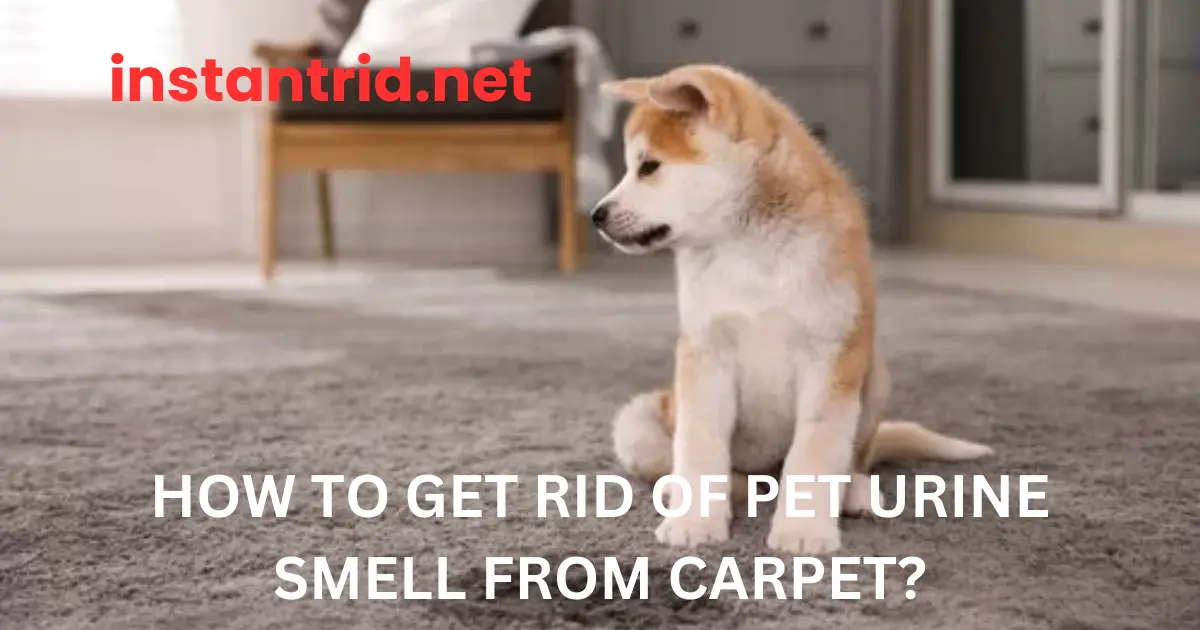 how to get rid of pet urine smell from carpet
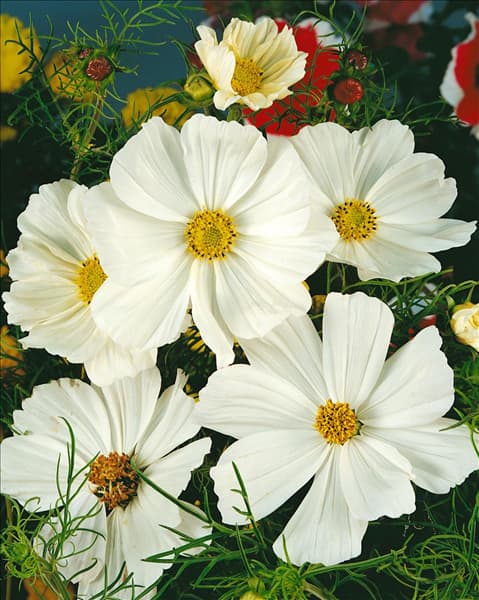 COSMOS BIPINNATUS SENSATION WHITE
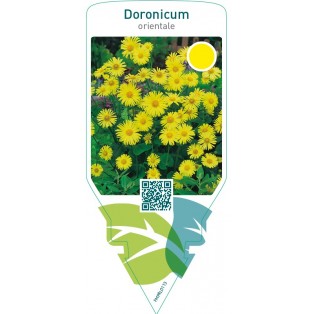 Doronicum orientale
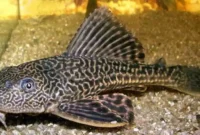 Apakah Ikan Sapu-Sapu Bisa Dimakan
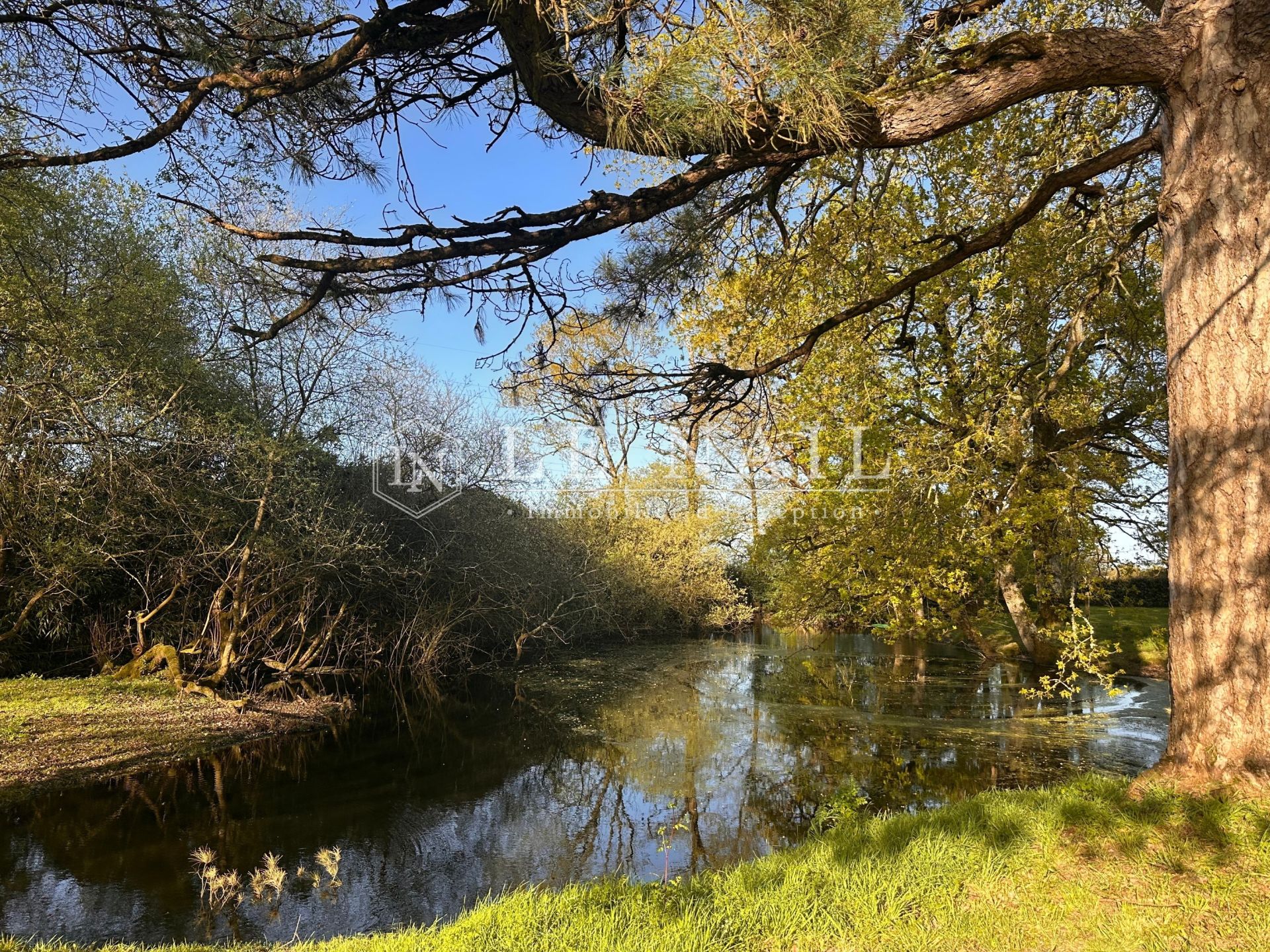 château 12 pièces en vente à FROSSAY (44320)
-.-.-
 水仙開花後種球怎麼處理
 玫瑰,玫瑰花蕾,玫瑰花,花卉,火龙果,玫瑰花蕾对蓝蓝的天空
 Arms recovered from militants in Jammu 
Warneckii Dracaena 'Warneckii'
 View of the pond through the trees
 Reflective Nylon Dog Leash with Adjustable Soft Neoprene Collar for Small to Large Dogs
-.-.-
• **WHAT TO WORK ON**
Reproduce exactly, with no pictures, the lines above from the one holding "Doronicum orientale" to the one holding "château 12 pièces en vente à FROSSAY (44320)", inclusive.

• **RESULT**
 Doronicum orientale
 Apakah Ikan Sapu-Sapu Bisa Dimakan
 château 12 pièces en vente à FROSSAY (44320)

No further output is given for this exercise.